A CRM without a clear commercial motion to run through it is a contact database, not a commercial asset.
Most B2B companies treat their CRM as a record-keeping system. The ones that treat it as commercial intelligence make better GTM decisions.
Your CRM holds the record of every deal you have won, lost, stalled, and closed. That is a significant body of commercial evidence. Which segments convert fastest. Which channels produce qualified pipeline. Where deals slow down in the process. Which prospects are worth pursuing and which consume time without revenue.
Most businesses treat this as operational data. They use the CRM to track activity, manage tasks, and report on pipeline coverage. The ones that treat it as strategic intelligence use it to make better decisions about who to target, how to reach them, and where to focus the commercial effort. That distinction is the difference between a CRM that costs money and one that earns it.
What Good Looks Like
A CRM set up for commercial intelligence means the fields, pipeline stages, and reporting are designed to capture information that matters strategically, not just information that is easy to enter. It means the data is clean enough to segment reliably. And it means dashboards that surface the patterns leadership needs to see, rather than raw data that requires manual analysis before it tells anyone anything.

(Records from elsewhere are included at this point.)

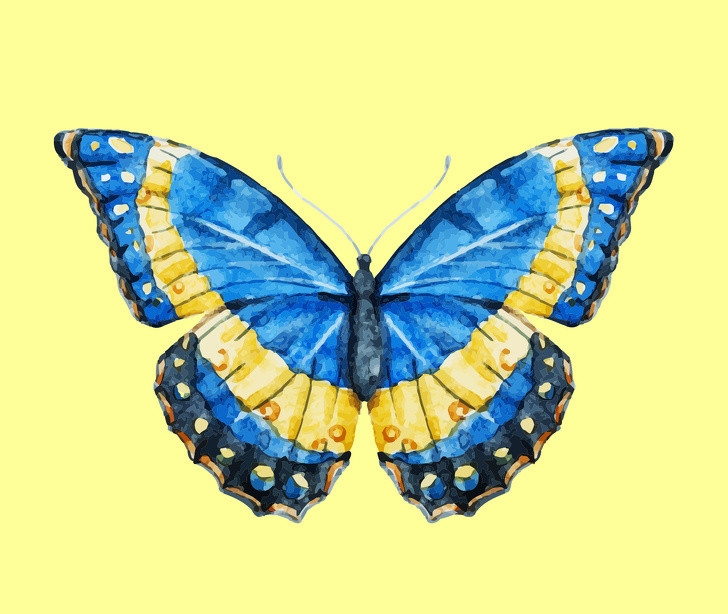 Bạn là người có tâm hồn sáng tạo Bạn cảm nhận cái đẹp hiện hữu ở khắp nơi. Khi nhiều người chỉ nhìn thấy một bông hoa thì bạn có thể thấy cả vũ trụ trong đó. Bạn thích phân tích mọi thứ thậm chí khi bạn không phải làm như vậy. Phân tích những gì xảy ra xung quanh là cách bạn khám phá cuộc sống. Điều này giúp bạn sở hữu tư duy logic và chín chắn hơn. Trong công việc, bạn tôn thờ sự hoàn hảo, bạn thà chậm tiến độ còn hơn là nộp một sản phẩm không mấy xuất sắc đúng hạn. Điều đó khiến bạn trở thành một “con nghiện” công việc nhưng bạn không thấy phiền toái vì bạn thích thú với những điều mình làm. Bạn tìm thấy niềm vui từ những điều nhỏ bé và cố gắng chia sẻ với những người chưa thực sự hiểu bạn. 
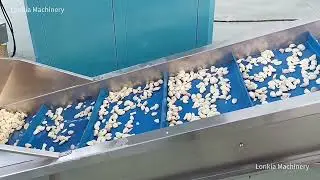 Lonkia Garlic Paste Processing Line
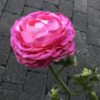 Smuk pink farvet ranunkel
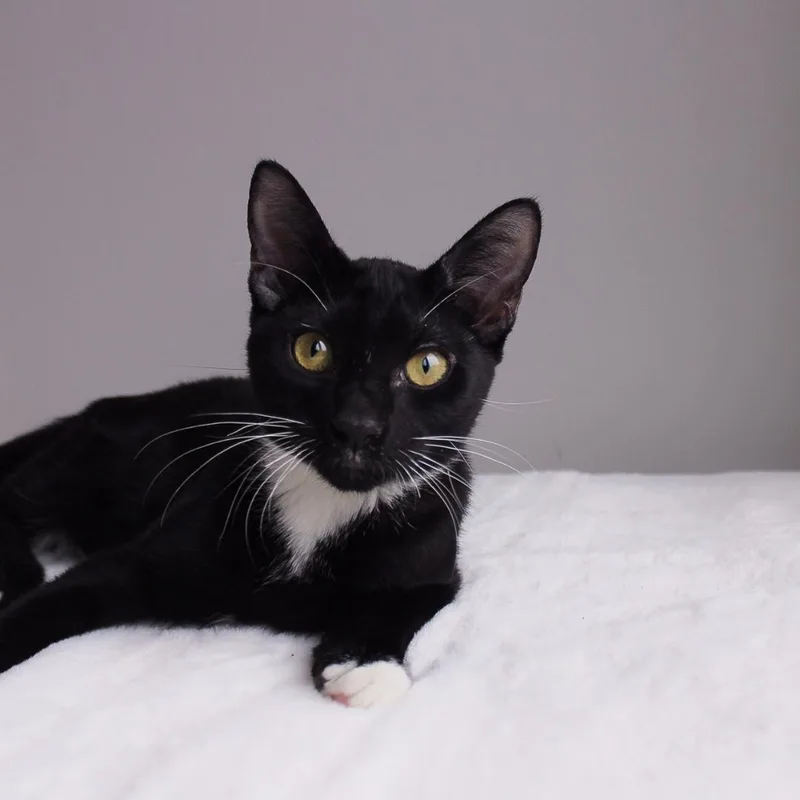 A baby medium-sized male Black & White / Tuxedo Domestic Short Hair cat named Lawson for adoption in Wayne, NJ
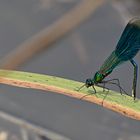 Gebänderte Prachtlibelle (Calopteryx splendens) II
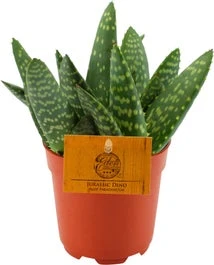 Aloë (Aloe 'Paradisicum') D 10,5 H 15 Cm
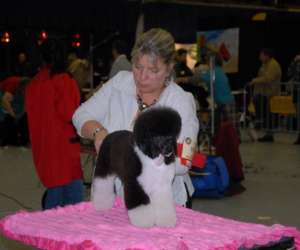 Salon De Toilettage  Au Bonheur Canin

We work with clients to move from CRM as a record-keeping system to CRM as the commercial intelligence layer of the business. For companies who want to go further, that work connects naturally to a full GTM advisory engagement, because the data the CRM produces is the raw material a GTM strategy is built from.
CRM in GTM Strategy - Frequently Asked Questions
How does CRM data connect to go-to-market strategy?
Your CRM holds the evidence base for every GTM decision: which segments convert, which channels produce pipeline, where deals stall. Most businesses treat that information as operational. The ones that treat it as strategic use it to decide where to focus, which market moves to make, and which commercial investments to prioritise. Getting that information out of the CRM and into the GTM decision-making process is what this work is about.
What does a CRM set up for GTM intelligence actually look like?
It means the fields, pipeline stages, and reporting are designed to capture commercially relevant information rather than what is easiest to enter. It means the data is clean enough to segment reliably. It means dashboards that surface patterns rather than raw data requiring manual assembly. And it means a team that understands why the data matters and keeps it current.
At what point should I be connecting CRM to GTM strategy?
Earlier than most companies do. The common pattern is to implement a CRM for operational reasons, run it for a year or two, and then realise it has not been capturing the data needed to make good GTM decisions. If you are setting up a new CRM or redesigning an existing one, this is the right time to build in the commercial intelligence layer. Retrofitting it later is possible but more work.
We have CRM data but nobody uses the reports. Where do we start?
Usually the reports were built to show what was easy to measure rather than what people actually need to know. The fix starts with understanding what decisions your leadership team makes and what information they need to make them well. From there you can build reporting that gets used because it answers real questions.
Is this a separate engagement from CRM consultancy?
Not necessarily. For many clients, connecting CRM to GTM is part of a broader engagement rather than a standalone piece of work. If you already have a well-functioning CRM and want to use it more strategically, it can be a focused engagement on its own.